● INFORMATION PROVIDED:
####################
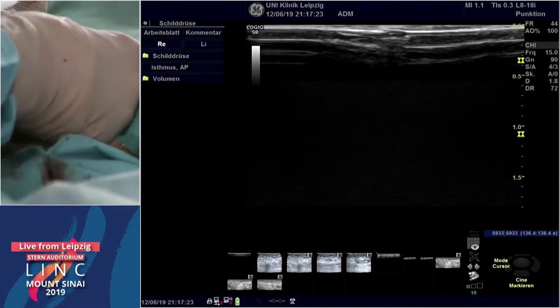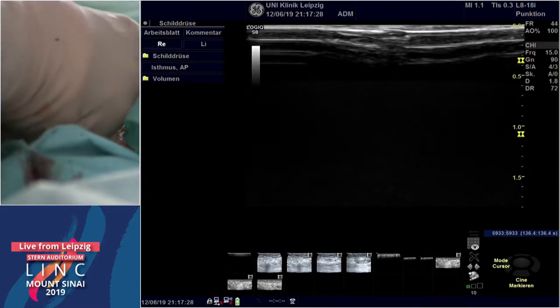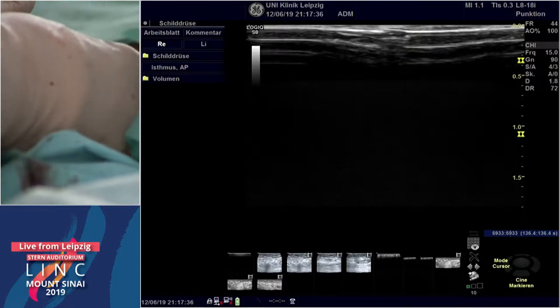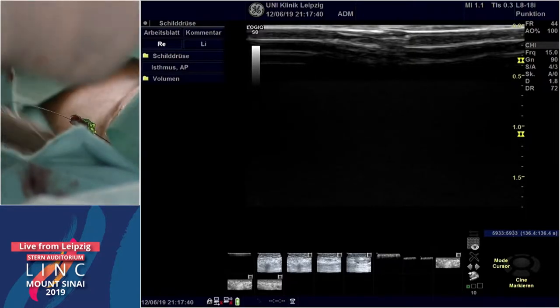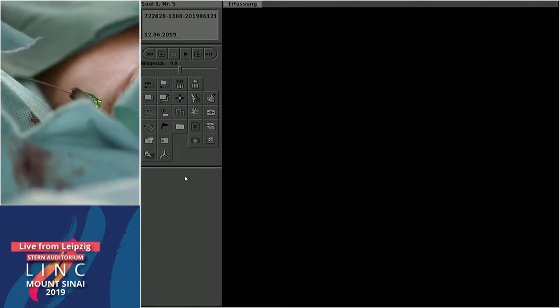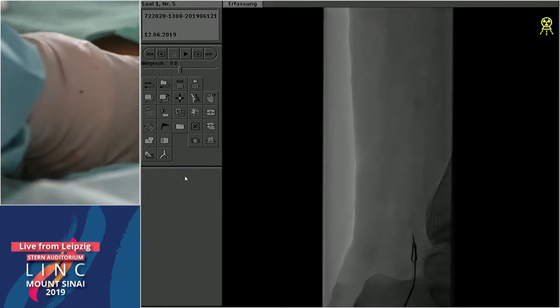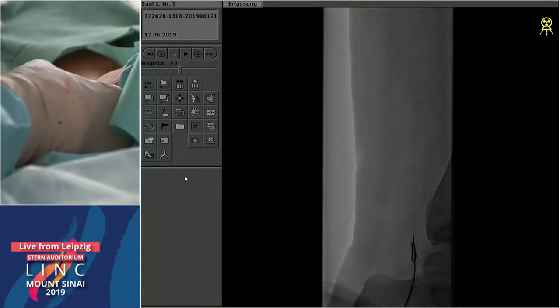A couple of good wires in cases with reconstitution of a posterior tibial artery around the ankle: the Boston Scientific V18 wire, because you can loop it at the distal CTO cap and advance from there. Another option is the Gladius 018 from Asahi — a good wire with a supportive body and soft tip. The Command 018 is also excellent as it won't lose wire memory.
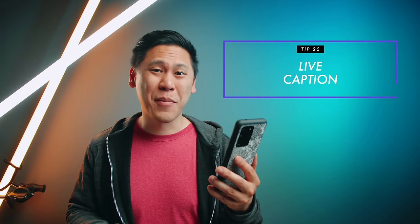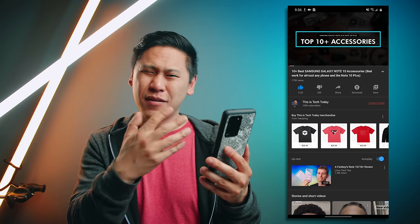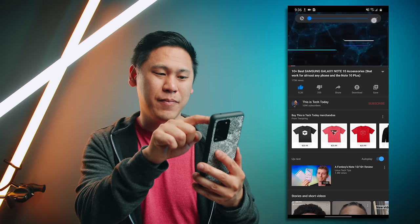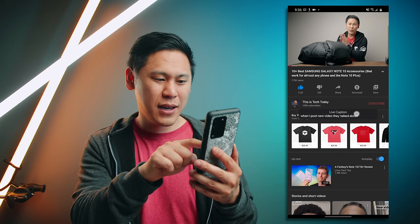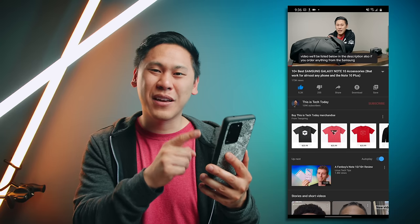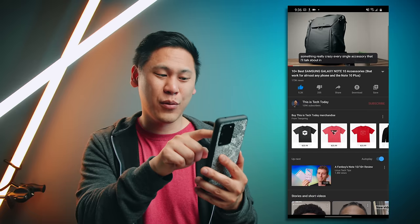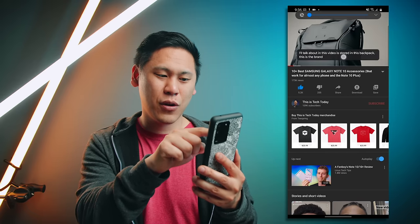Tip number twenty is quite mind blowing. Maybe you're watching a YouTube video or podcast and you can't really listen to it — you just need to read it. If you hit the volume button and click on the down caret, you'll see the option for live caption. You'll get a box that transcribes what's happening in the video live on your phone natively. You don't even have to be connected to the internet for it to work. To get rid of it, go to the volume button again and turn it off, or drag it down and turn it off that way.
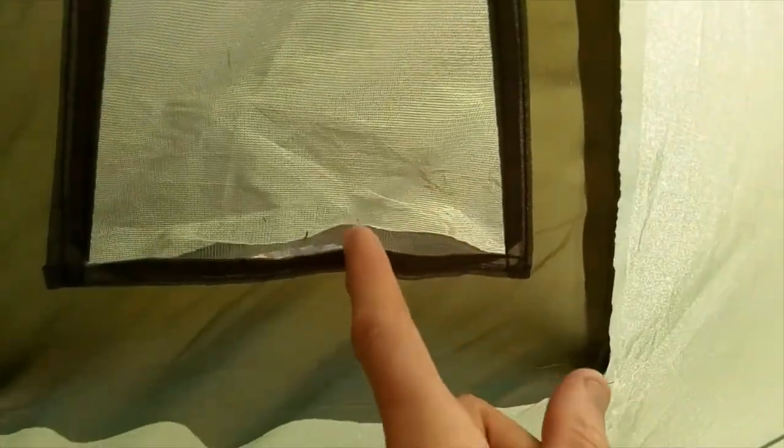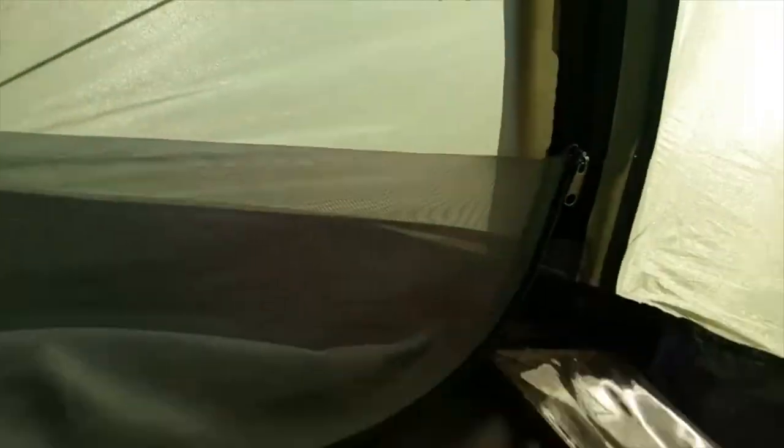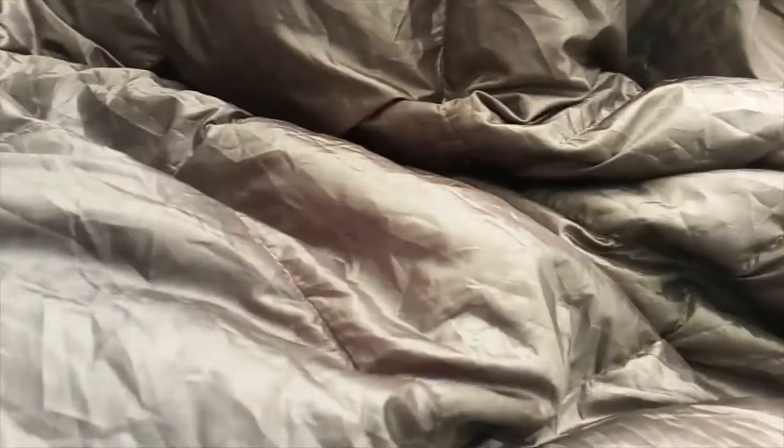This is the door. As you can see there's a nice little mesh part there. There is a mesh mosquito or bug net door — I've got that one done at the moment because I'm trying to block the wind on certain spots. As you can see I've got my OEX thing in here and the down blanket. And there it is — that's the end piece.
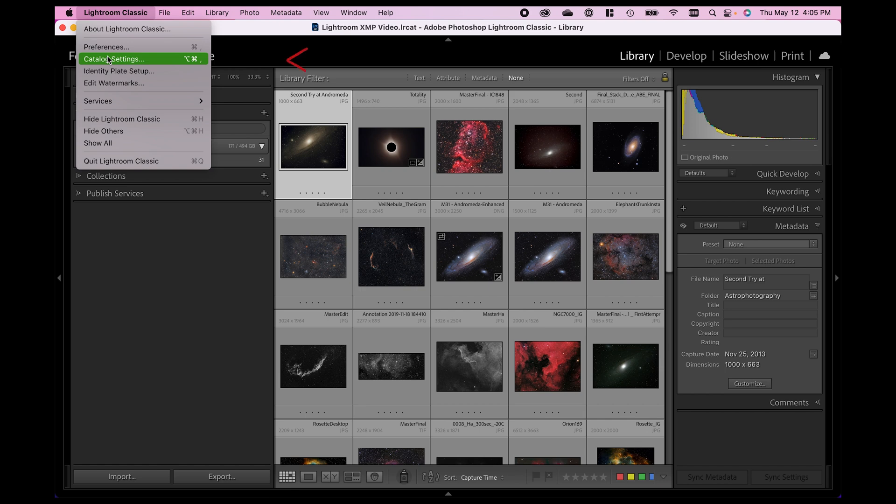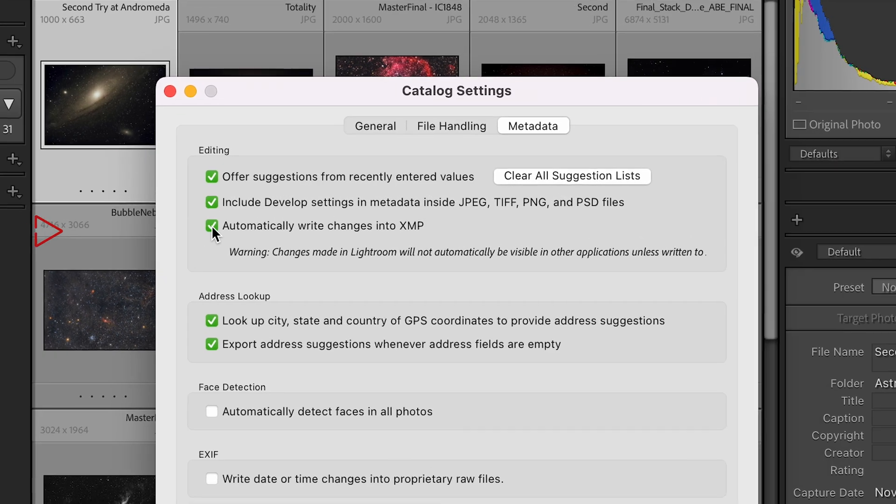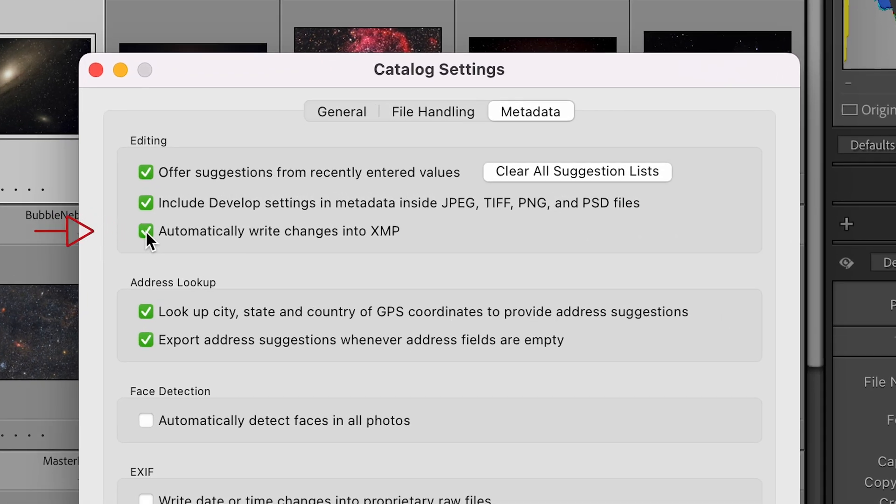To turn this on, go into Lightroom Classic and Catalog Settings. PC folks, you would go to Edit > Catalog Settings. In the Catalog Settings box, go to the Metadata tab and turn on the little box that says "Automatically write changes into XMP." By default this box is not checked, because when turned on the computer has to do an extra thing — it has to back up each edit you've made, which can slow down Lightroom's performance a little. Adobe engineers defaulted it to off so Lightroom runs as quickly as possible. I highly recommend you turn this on, and I turn this on as the first step whenever I create a new Lightroom catalog, because I want those edits safe if something were to ever happen to my catalog file.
####################
● ACTION ITEM: Could you print the listing above exactly, without the pictures?

● TASK SOLUTION:
A couple of good wires in cases with reconstitution of a posterior tibial artery around the ankle: the Boston Scientific V18 wire, because you can loop it at the distal CTO cap and advance from there. Another option is the Gladius 018 from Asahi — a good wire with a supportive body and soft tip. The Command 018 is also excellent as it won't lose wire memory.
Tip number twenty is quite mind blowing. Maybe you're watching a YouTube video or podcast and you can't really listen to it — you just need to read it. If you hit the volume button and click on the down caret, you'll see the option for live caption. You'll get a box that transcribes what's happening in the video live on your phone natively. You don't even have to be connected to the internet for it to work. To get rid of it, go to the volume button again and turn it off, or drag it down and turn it off that way.
This is the door. As you can see there's a nice little mesh part there. There is a mesh mosquito or bug net door — I've got that one done at the moment because I'm trying to block the wind on certain spots. As you can see I've got my OEX thing in here and the down blanket. And there it is — that's the end piece.
To turn this on, go into Lightroom Classic and Catalog Settings. PC folks, you would go to Edit > Catalog Settings. In the Catalog Settings box, go to the Metadata tab and turn on the little box that says "Automatically write changes into XMP." By default this box is not checked, because when turned on the computer has to do an extra thing — it has to back up each edit you've made, which can slow down Lightroom's performance a little. Adobe engineers defaulted it to off so Lightroom runs as quickly as possible. I highly recommend you turn this on, and I turn this on as the first step whenever I create a new Lightroom catalog, because I want those edits safe if something were to ever happen to my catalog file.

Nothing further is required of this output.